ANGER: DIVINE MOTIVATION TO MAKE A DIFFERENCE
The Passover of the Jews was near, and Jesus went up to Jerusalem. 14 In the temple he found people selling cattle, sheep, and doves, and the money changers seated at their tables. 15 Making a whip of cords, he drove all of them out of the temple, both the sheep and the cattle. He also poured out the coins of the money changers and overturned their tables. 16 He told those who were selling the doves, “Take these things out of here! Stop making my Father’s house a marketplace!” 17 His disciples remembered that it was written, “Zeal for your house will consume me.” 18 The Jews then said to him, “What sign can you show us for doing this?” 19 Jesus answered them, “Destroy this temple, and in three days I will raise it up.” 20 The Jews then said, “This temple has been under construction for forty–six years, and will you raise it up in three days?” 21 But he was speaking of the temple of his body. 22 After he was raised from the dead, his disciples remembered that he had said this; and they believed the scripture and the word that Jesus had spoken. (John 2:13-22, NRSV)

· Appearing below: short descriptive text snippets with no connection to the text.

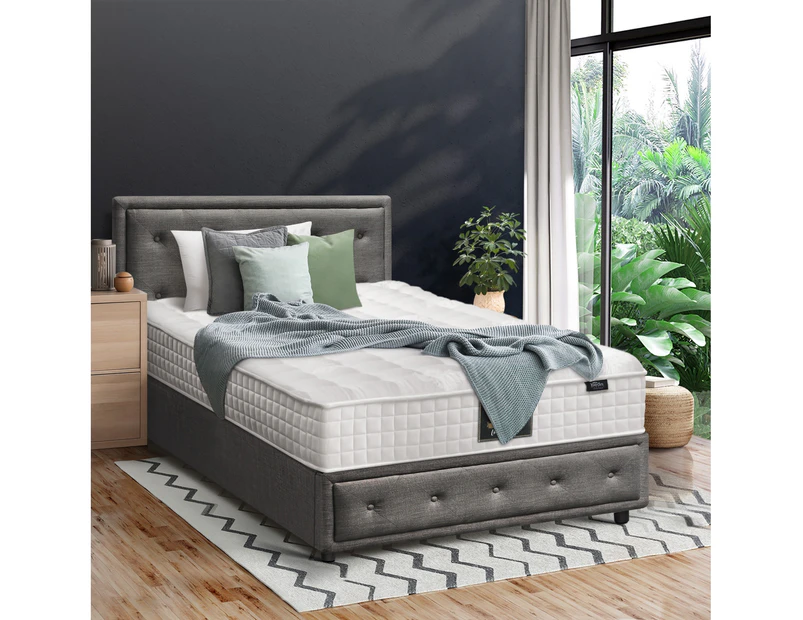 Oikiture Bed Frame King Single Gas Lift Storage with Mattress Grey ENZO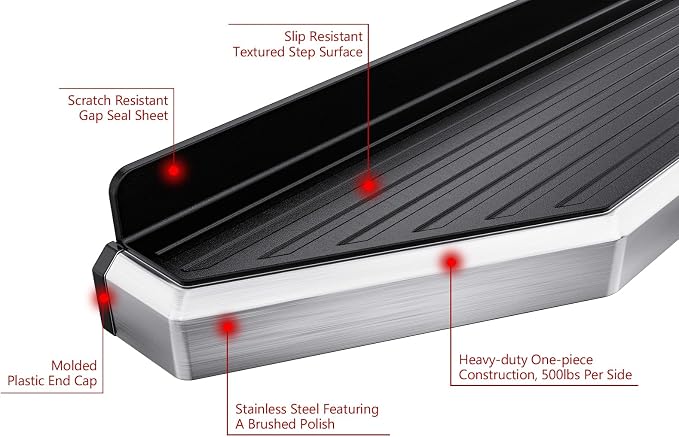 APS 6in 304 Stainless Steel Running Boards Side Bars Side Steps Compatible - Image 5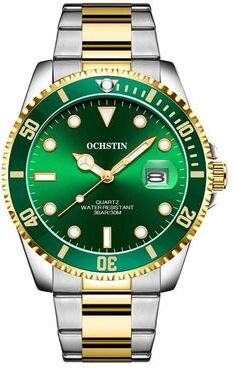 Everyday Crate OCHSTIN Executive Waterproof Luminous Steel Strap Men Watch green+gold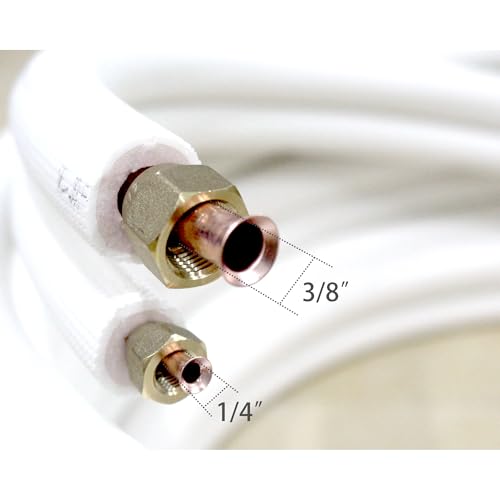 VEVEVA 16FT HVAC Copper Line Set with Wire - 1/4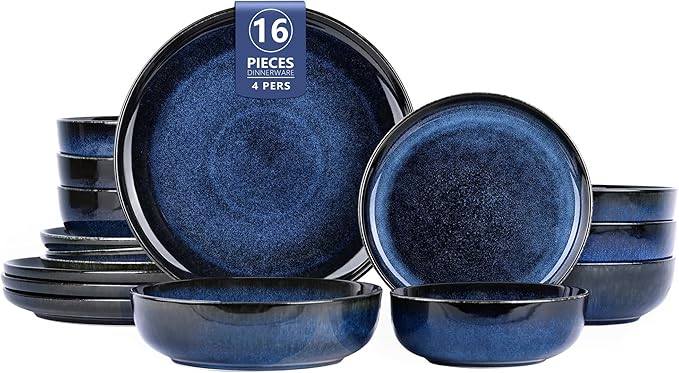 Porcelain Plates and Bowls Set for 4, 16 Pcs Ceramic Blue Reactive Glaze Dinnerware Set with Pasta Bowls, Kitchen Dish Set with Double Bowls, Microwave and Dishwasher Safe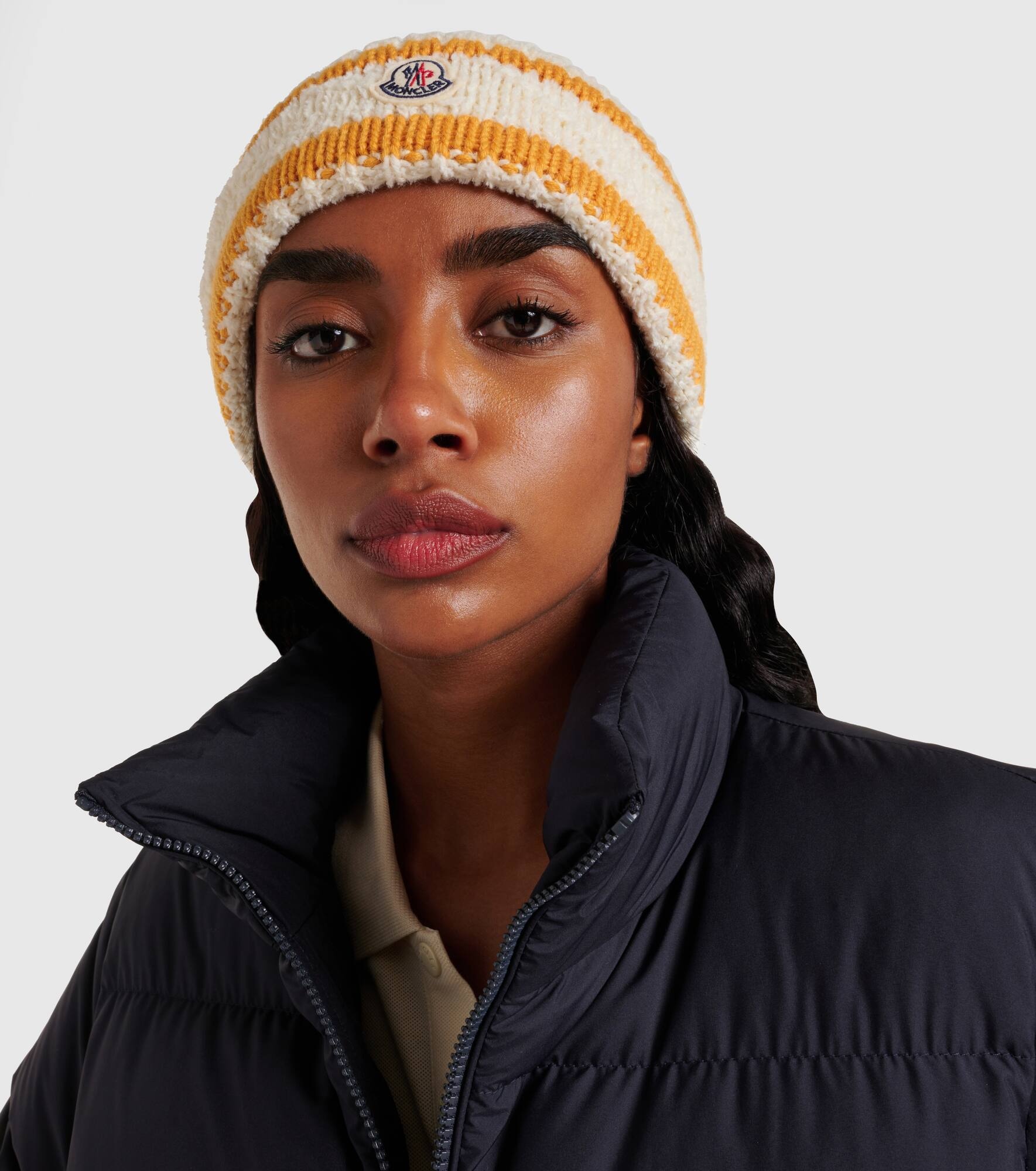 Logo striped wool-blend beanie - 2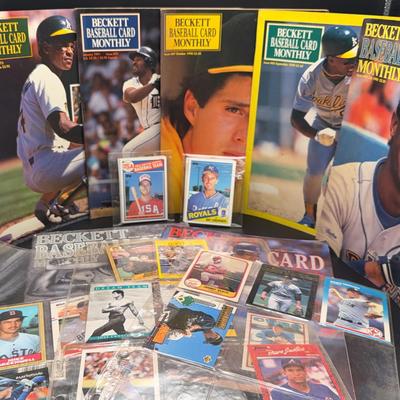 Beckett Baseball Monthly Periodicals (1990, 1991) and Selection Of Trading Cards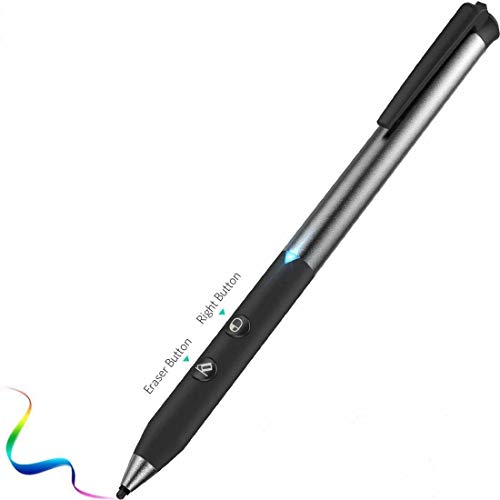 Stylus Pen for Touch Screen, Rechargeable Sur-face Pen with 4096 Levels Pressure Sensitivity 500hrs Continuous Use & 180 Days Standby Compatible with Sur-face Pro Series/Book/Go/Studio/Neo (Black-A)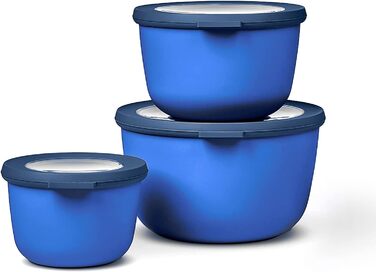 Набор из 3 предметов - Банки для хранения с крышкой - Подходит в качестве ящика для хранения, холодильника, морозильной камеры и посуды для микроволновой печи - 350 мл, 750 мл и 1250 мл - (Vivid Blue, набор 3 шт. и (500, 1000, 2000 мл))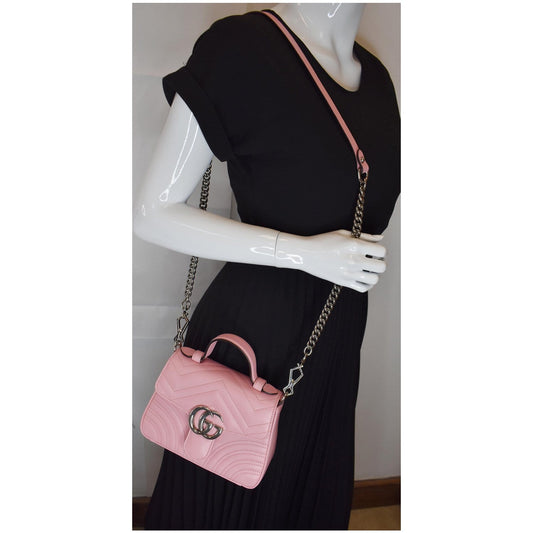 GUCCI GG Marmont Mini Top Handle Shoulder Bag Pastel Pink 547260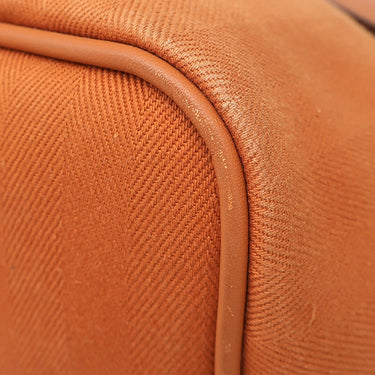 エルメス HERMES ヴァルパライソ PM ポティロン トワルシェブロン スイフト ハンドバッグ シルバー金具 オレンジ系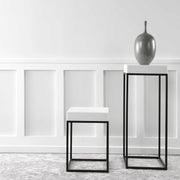 Uttermost Gambia White Top With Aged Black Metal Modern Square Accent Table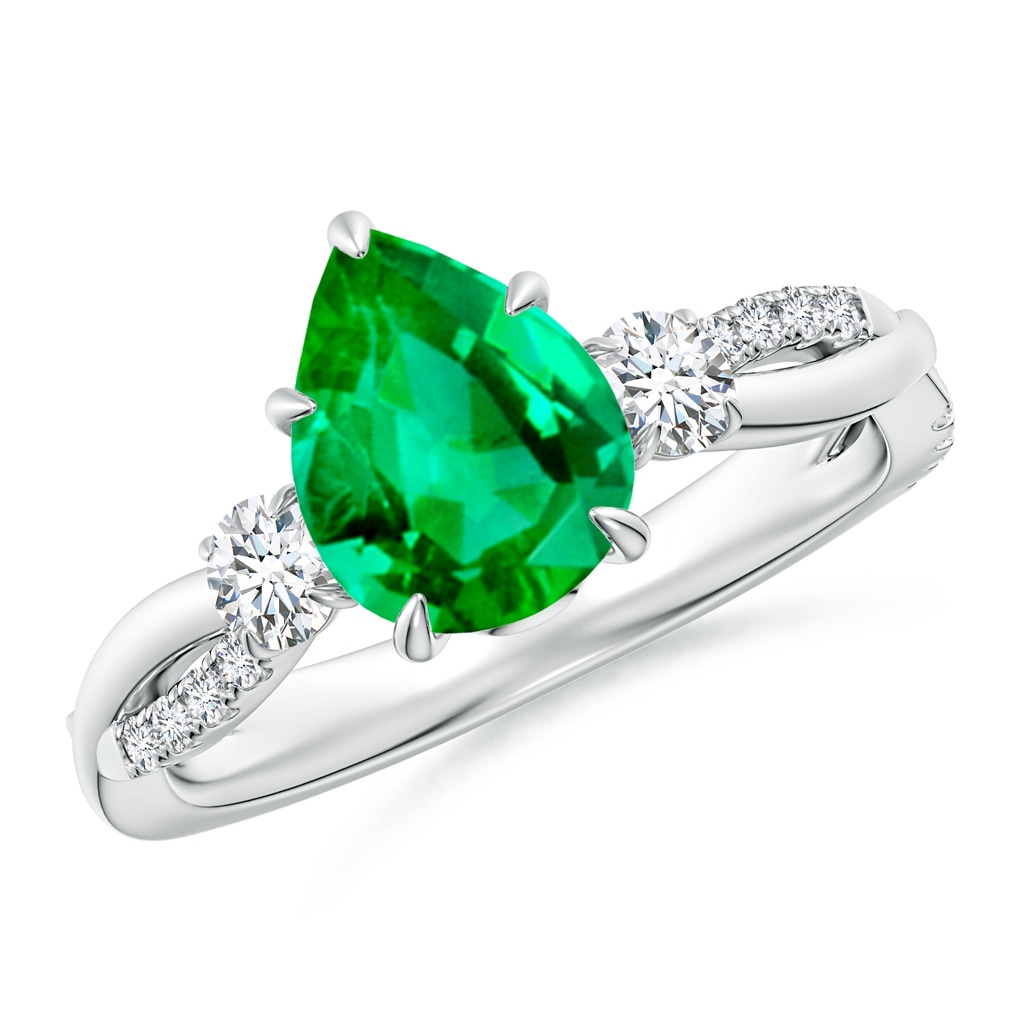 9x7mm AAA Three Stone Pear Emerald & Diamond Engagement Ring in White Gold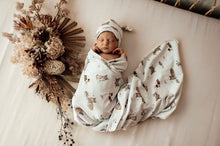 Load image into Gallery viewer, Fox / Baby Jersey Wrap & Beanie Set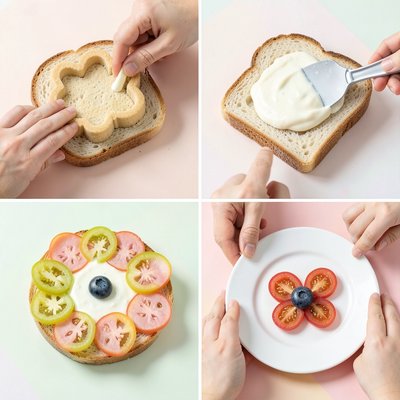 Krok po kroku — Kanapka w kształcie kwiatu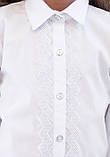 Шкільна блузка класична з мереживом мод. 2011 біла, фото 3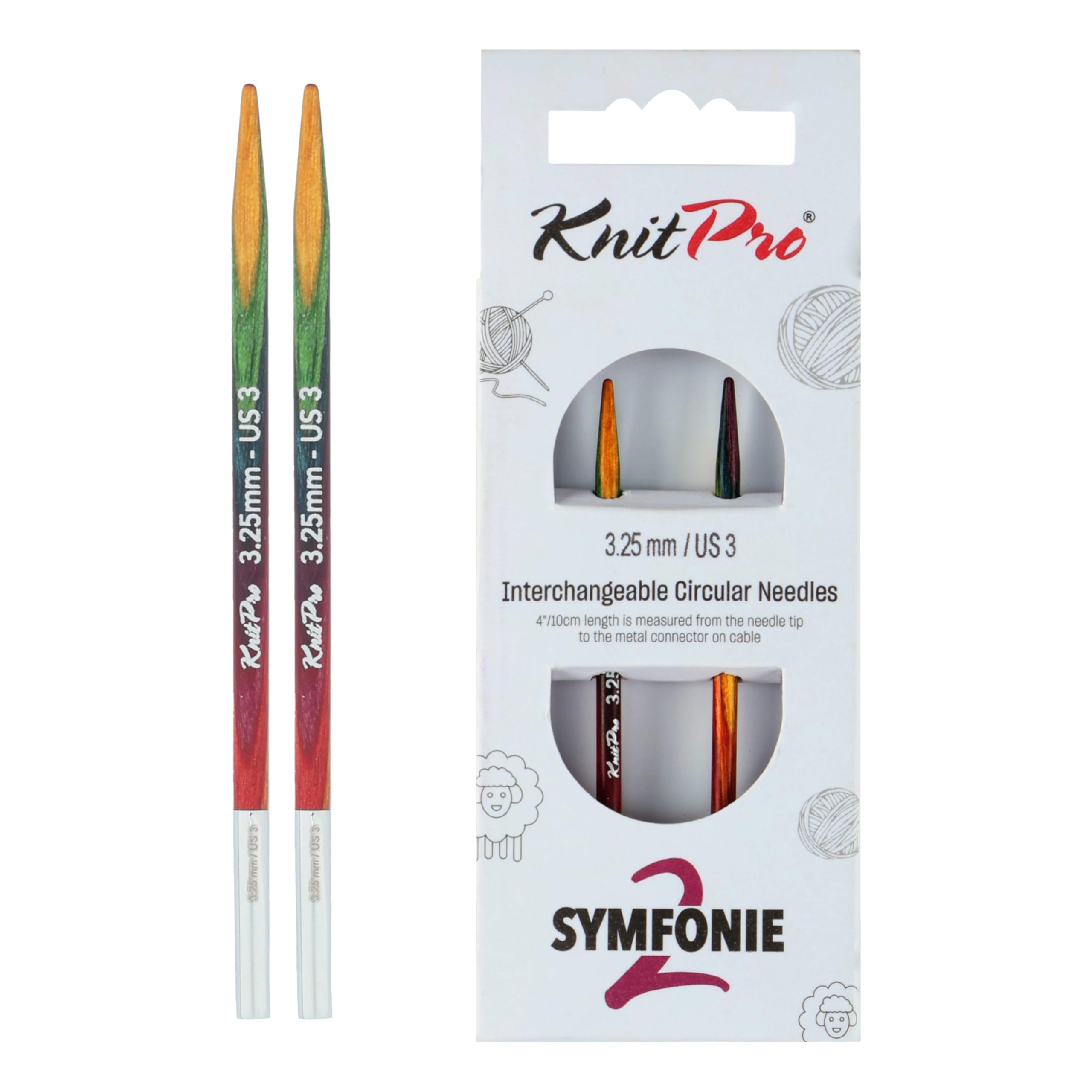 KnitPro Symfonie 2 Normal Interchangeable Needles 5" (13cm) | 3.25mm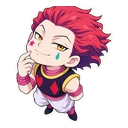 Hisoka cursor: chibi Hisoka with his star and teardrop face paint, sticker style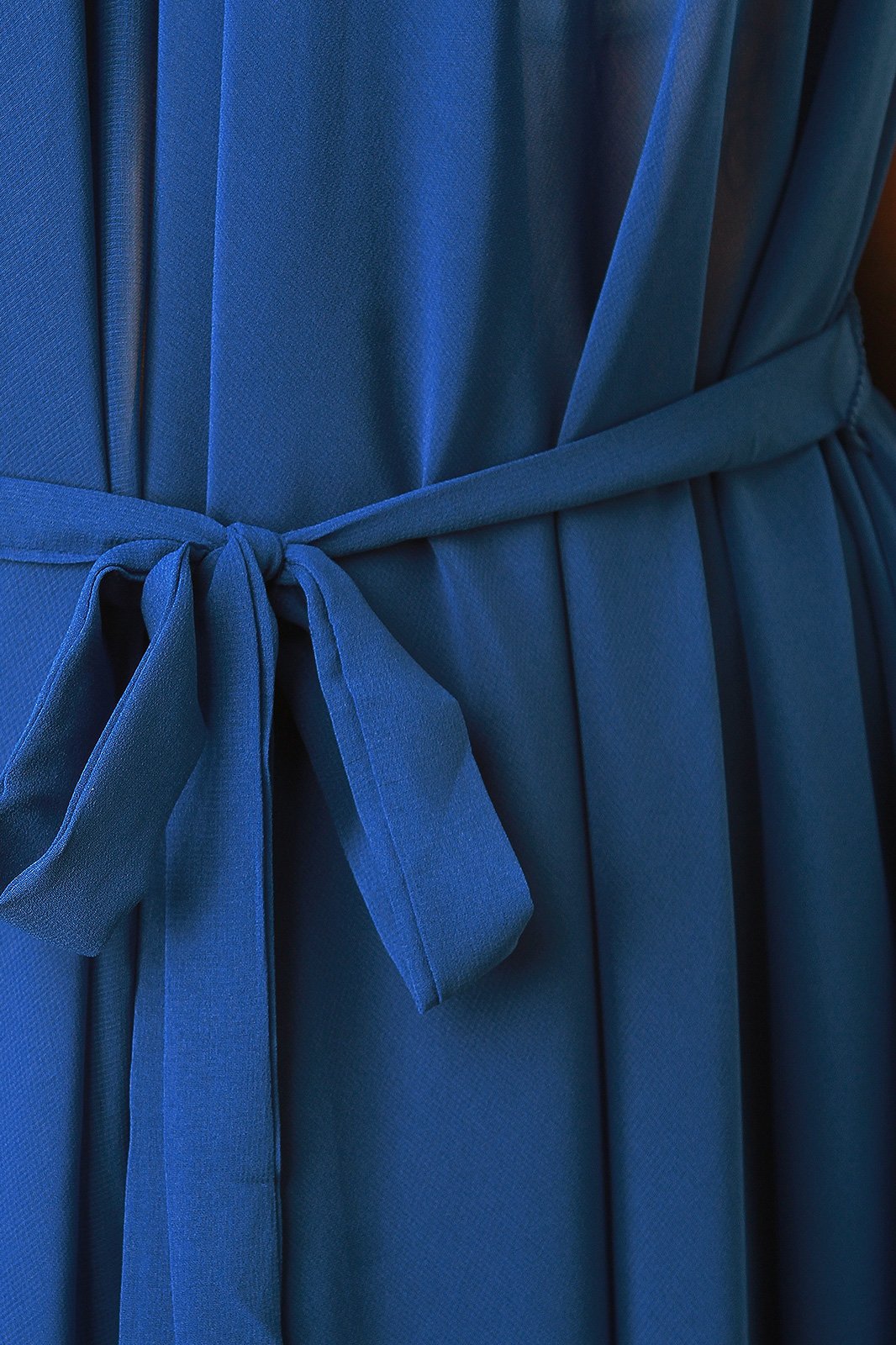 Chiffon Sleeveless Tie Waist Asymmetric Tunic Top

Perhaps you understand and sympathize with those who lose it from time to time. I don’t. That’s only partially true. It depends on who is flipping out, when, where, on whom, and why. For example, I saw an incident on YouTube (https://youtu.be/MX8qjiNZXic) in which a brother was shot because another man became enraged in yet another transportation interaction gone sideways. Still another clip is about a LatinX sister who defended herself against a white, middle-aged, entitled Karen, who was verbally and physically abusive (https://youtu.be/woIzlrWzMBw). Another episode of rage erupted in a courtroom where a former police officer, who killed a Black man running away from him, secured a plea deal through the DA, which netted only three years behind bars for a capital murder for which he should have received a life sentence. The mother and brother of the deceased victim expressed outrage — understandably so — when they learned a deal had been struck without consulting nor informing their family ( https://youtu.be/7Li0VX2aiww). As I said at the outset, it all depends on several variables about whether an instance of intense anger expressed through words and/or behavior is reasonable and justifiable.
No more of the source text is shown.